Bizler, Gezi’den itibaren, “sokak” dediğimizde aslen bu üçüncüsüne gönderme yapıyoruz. Bu elbette önemli. Ana akım siyaset mekanizmaları karşısında veya onların yanı sıra kitlelerin devlet karşısındaki direnişini esas almak devrimci geleneğin kurucu unsurlarından birisi. Bu minvalde “meclisler” önermek, böylesi yapılar üzerinden ortaya çıkan direniş çizgisini muhafaza etmeye ve ilerletmeye girişmek, organik bir dışarıdanlığı örmek açısından olmazsa olmaz.
Sorun Türkiye’de sosyalist solun, özellikle Gezi’den itibaren, “sokak” ve “Haziran” vurgusunu siyasetin yerine yerleştirmiş olması. Oysa Gezi isyanı ortaya bir siyaset koymadı. Siyasetin üzerinde etkin olabileceği yeni bir toplumsal durumu ortaya çıkardı. Siyasal niteliği olan aktörler bu toplumsal durum üzerinden ve üzerinde siyaset yapıyorlar: AKP, bu yeni toplumsal durumla karşı karşıya kaldığı andan itibaren kendi mahallesini konsolide etme siyaseti güdüyor; CHP, Gezi içerisinde var olan “hukuk devleti” arayışını burjuvazinin rahatsız kesimlerinin aynı doğrultudaki beklentileri ile teğelleme siyasetini izliyor. Öte yandan Kürt Özgürlük Hareketi Gezi’de ortaya çıkan yeni durum üzerinden Batı’daki meşruiyet zeminini genişletmiş durumda. Bunun ne kadarının HDP’ye somut oy olarak gittiğinden bağımsız olarak ve Saray’ın 7 Haziran seçiminden sonra başlattığı karşı atağın bu durumu zayıflatmış olmasına rağmen bu böyle. Kısacası siyasal aktörler Gezi isyanı sonrasında ortaya çıkan yeni toplumsal durumla siyasal bir ilişki kurdular.
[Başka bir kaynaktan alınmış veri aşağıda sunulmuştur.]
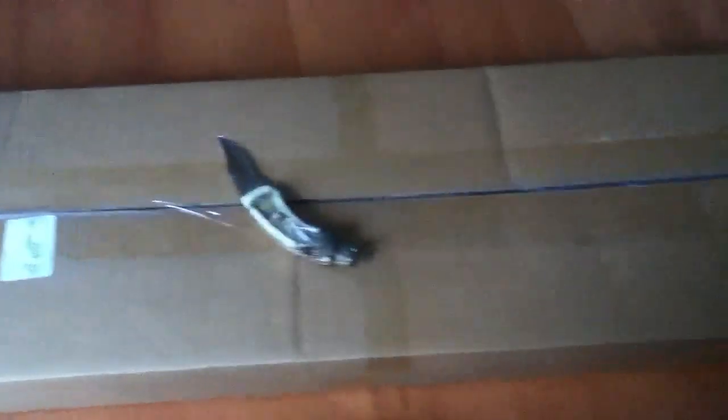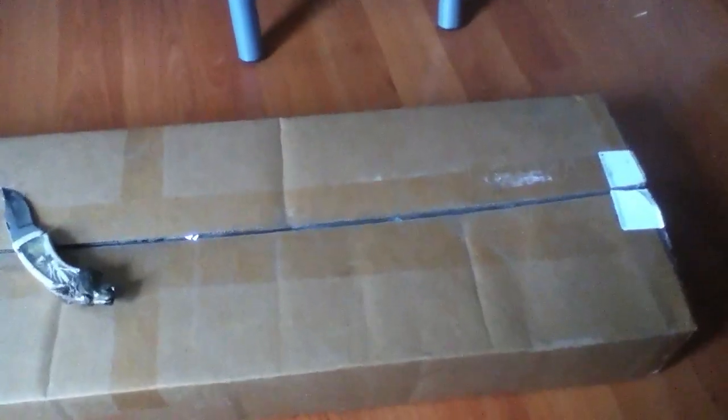Airsoft GI did a review on this, but other than that, I think this is going to be the first unboxing of the Socom Gear M200 Intervention. Alright, let's get on to this. I'm so excited — this thing is going to be great.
Sosyalist hareket açısından ise Gezi isyanı siyasal olarak yeniden derlenme imkânı yaratmadı. Bunun yerine giderek sokakta polis ile cebelleşmeye dönüşen, siyasal olarak içi boş bir “sokak” vurgusu hâkim olmaya başladı. Akabinde bu vurgu AKP karşıtı siyasetin merkezine taşındı ve sosyalistler kendilerinin AKP karşıtı sokak muhalefetinin öznesi olarak ilan ettiler. Fakat bu yapıldığında sokaktaki dinamizm çoktan geri çekilmiş, Gezi’nin ortaya çıkardığı toplumsal durum yukarıda saydığımız siyasal projeksiyonların farklı veçheleri ile ilişkilenmeye başlamıştı. Bu nedenledir ki gerek bazı mahallelerde kurulan forumlar, meclisler gerek siyasal yapıların bazılarının yan yana gelerek kurdukları meclisler kendi kendimizle kalmamızın ötesine geçemedi.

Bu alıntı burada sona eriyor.